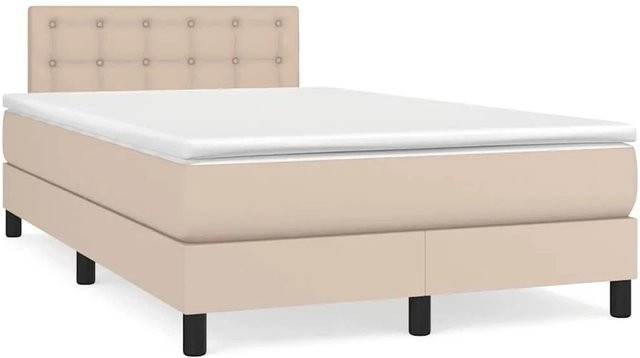 vidaXL Boxspringbett mit Matratze und LED-Unterbettbeleuchtung in Cappuccino-Braun, Hybrid-Bett mit USB-Ladeport und Taschenfederkern, B/T: 120 x 190 cm - Bild 1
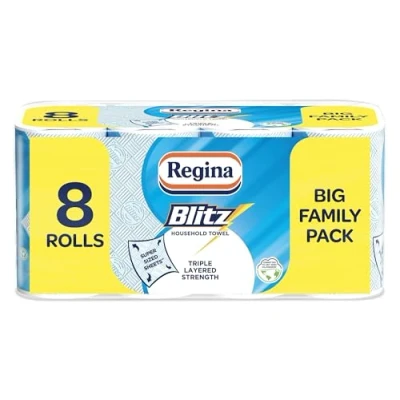 Image of Regina Blitz Household Towels 8 Triple Layered Rolls, 70 Sheets Per Roll, Paper Packaging, FSC Certified Paper, Recyclable 60% Larger Than Standard Kitchen Roll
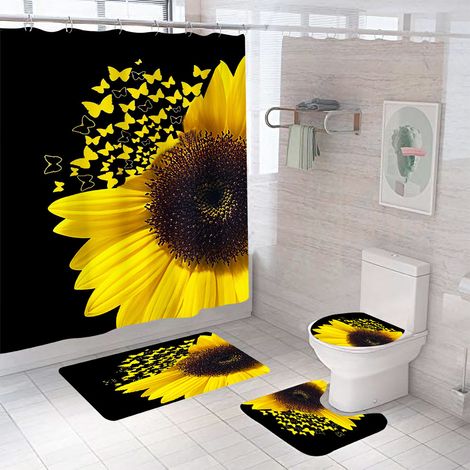 Ensemble de rideau de douche 4 pièces avec motif tournesol, citations et papillons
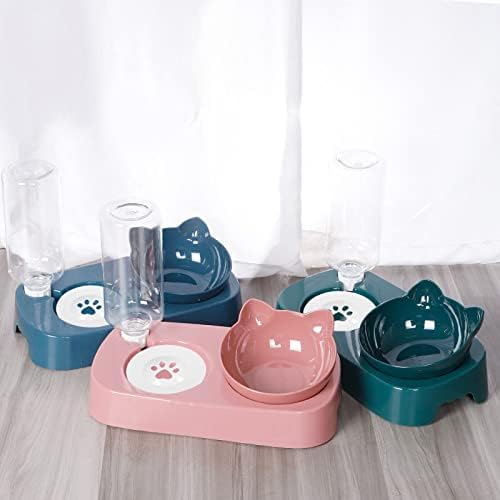 Pet Dog Bowl Automatic Cat Food with Water Fountain Drinking Raised Stand Dish Bowls and Dush(Green)
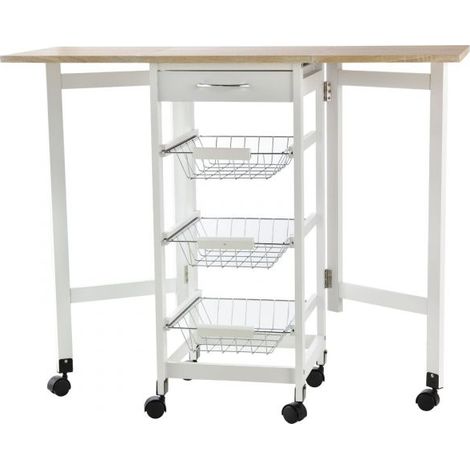 EASYCOMFORT Carrello da Cucina con 3 Cestini, Cassetto e Ribalte, 6 Ruote Girevoli, in MDF e Metallo, 37x37x77.5cm, Bianco e Legno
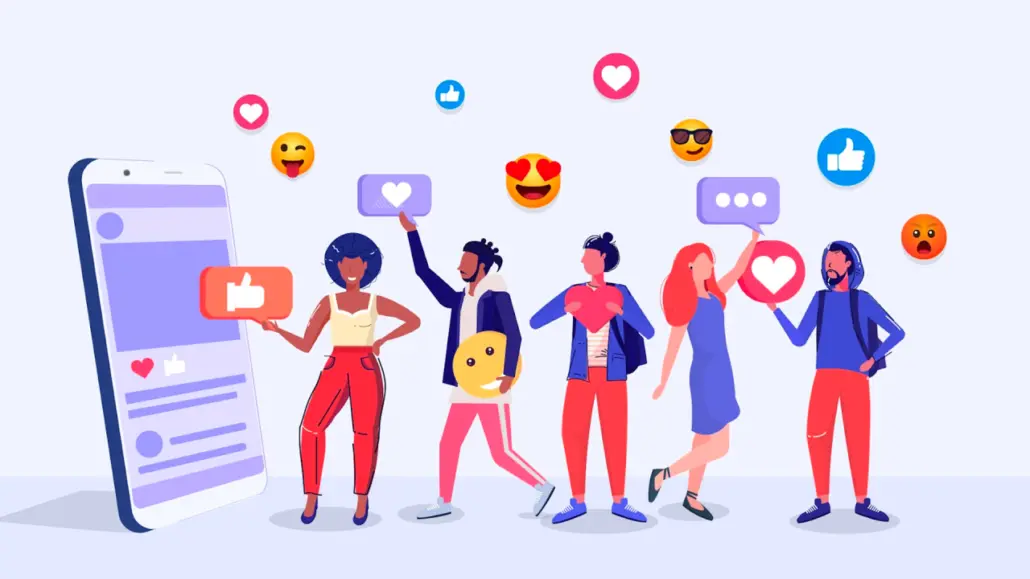 Ilustración de 5 personas al lado de un teléfono celular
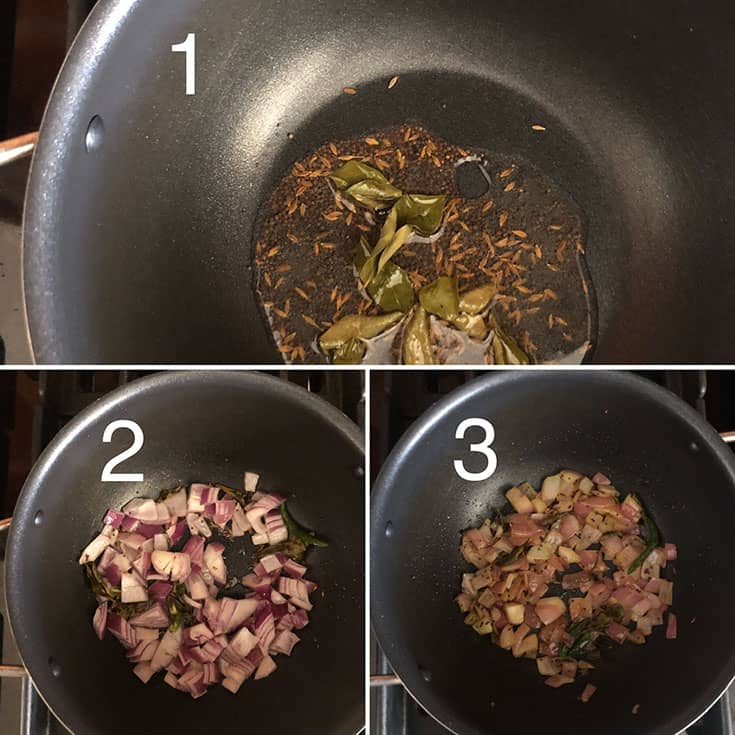 Step by Step Photos showing how to temper seeds and cook onions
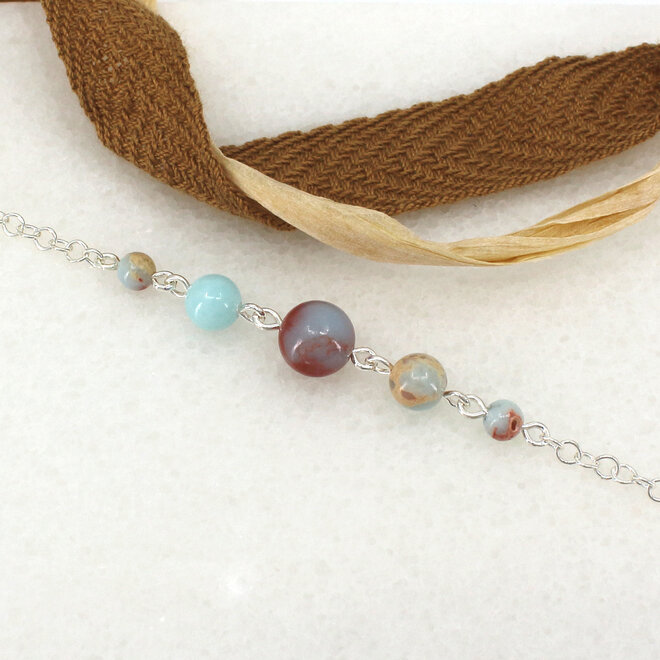 Armband Jaspis Perlen - Sterling Silber - ARLIZI 2508 - Maya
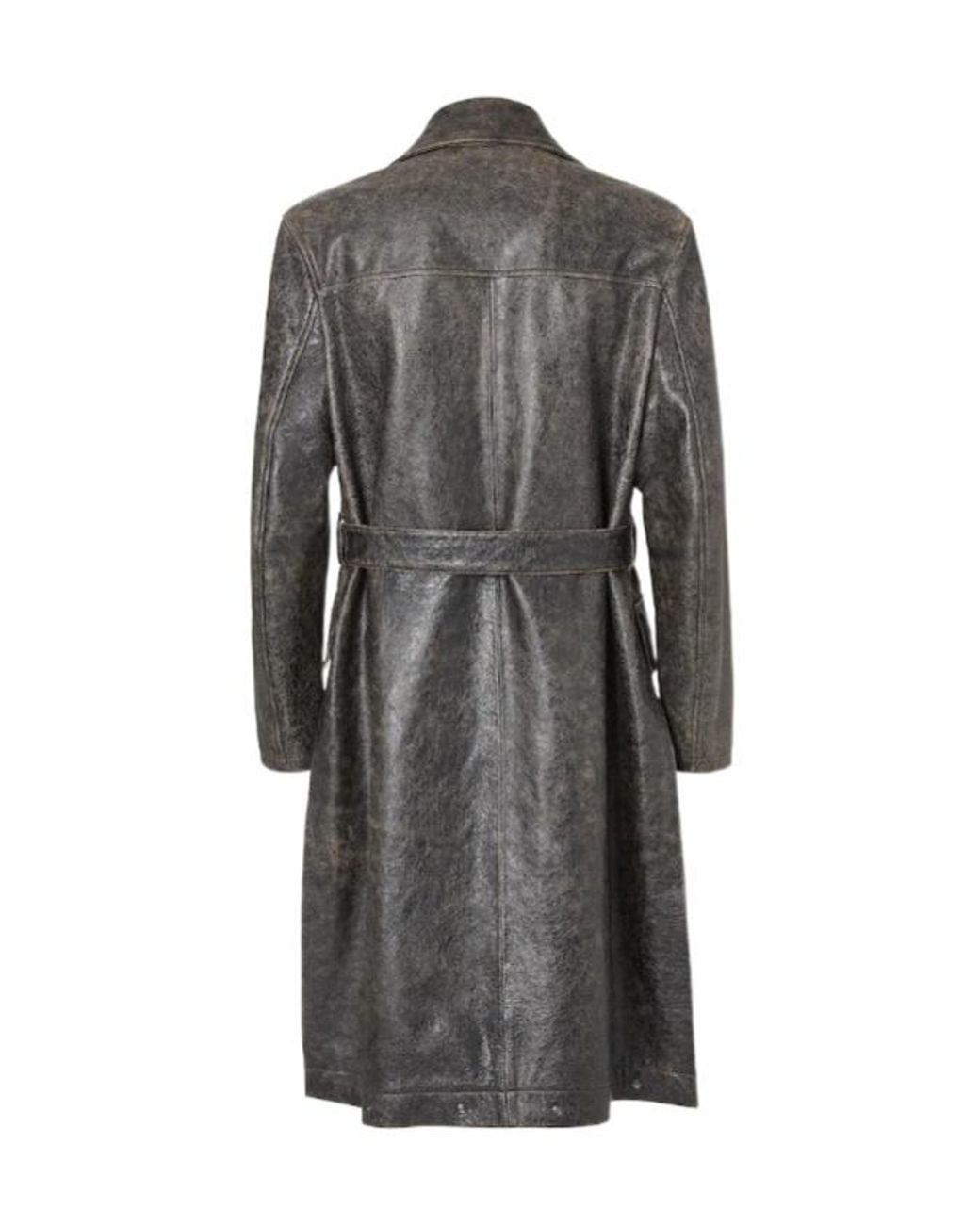 Fendi Gray Crackled Belted Leather Trench Coat for men
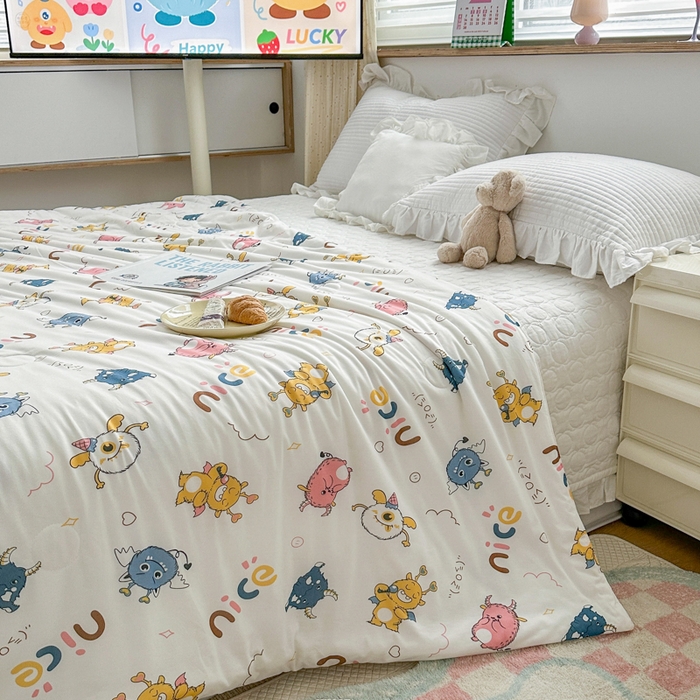 91家纺网 家纺一手货源 找家纺 木堇家居 2023新款针织夏被A类大豆针织棉夏被 小魔兽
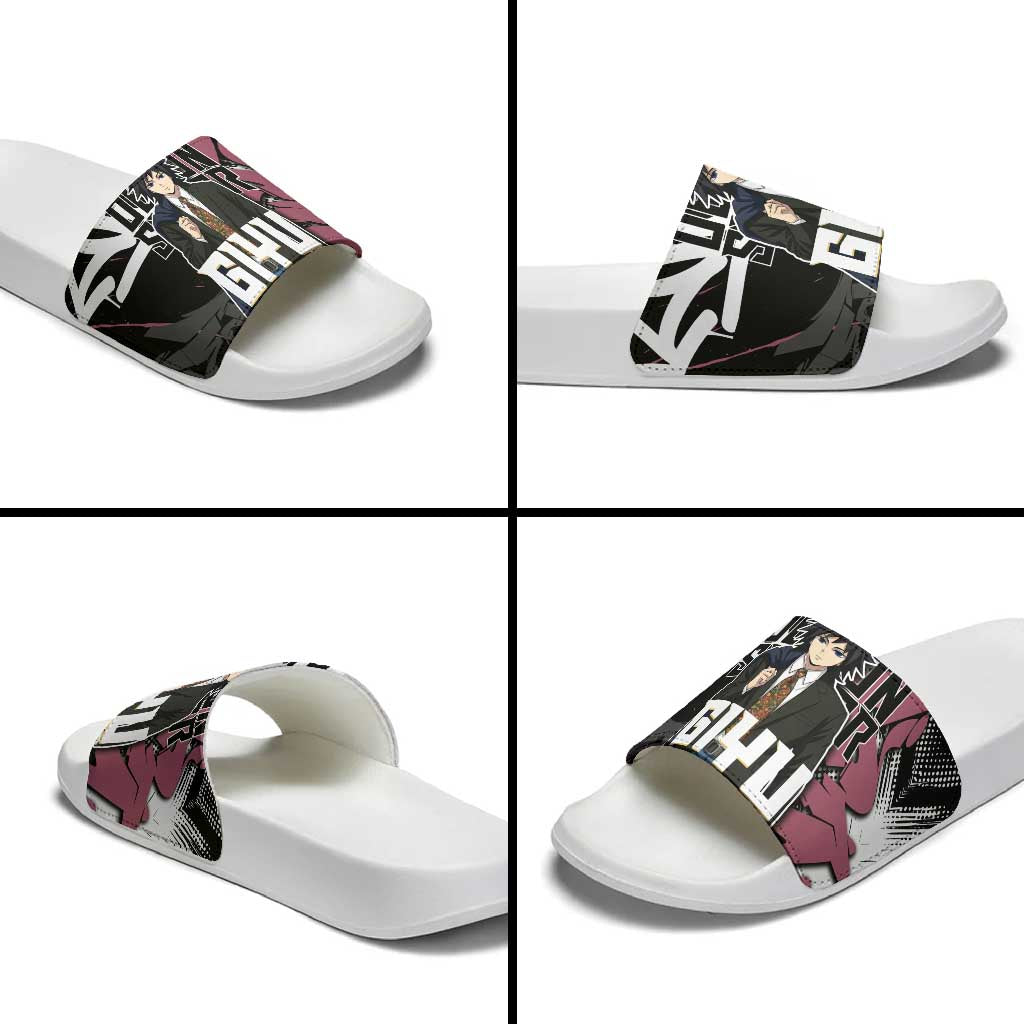 Giyu Tomioka Demon Slayer Slide Sandals Red & Black Graffiti Anime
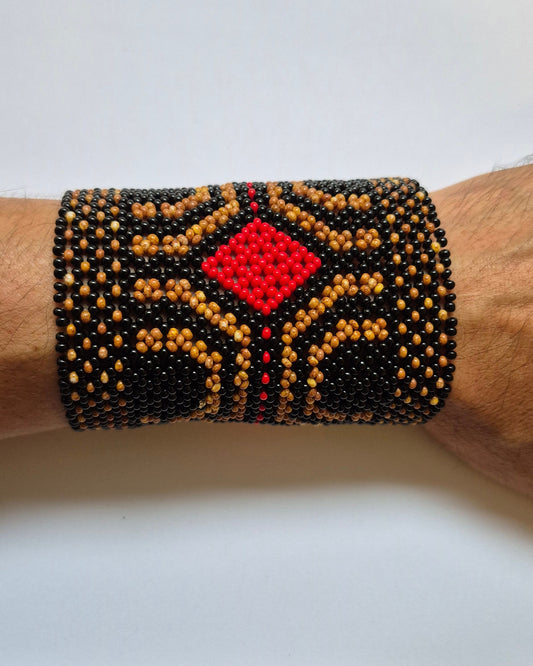 Pulseira de Miçanga Fio Elástico Povo Waura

Brief:
Pictures are to be left out when the lines from the one containing "EASYCOMFORT Carrello da" through the end of the records above are repeated exactly; no other line is wanted.

Answer to this problem:
 EASYCOMFORT Carrello da Cucina con 3 Cestini, Cassetto e Ribalte, 6 Ruote Girevoli, in MDF e Metallo, 37x37x77.5cm, Bianco e Legno
 Ilustración de 5 personas al lado de un teléfono celular
 Step by Step Photos showing how to temper seeds and cook onions
 Armband Jaspis Perlen - Sterling Silber - ARLIZI 2508 - Maya
 Fendi Gray Crackled Belted Leather Trench Coat for men
 91家纺网 家纺一手货源 找家纺 木堇家居 2023新款针织夏被A类大豆针织棉夏被 小魔兽
 Giyu Tomioka Demon Slayer Slide Sandals Red & Black Graffiti Anime
 Pulseira de Miçanga Fio Elástico Povo Waura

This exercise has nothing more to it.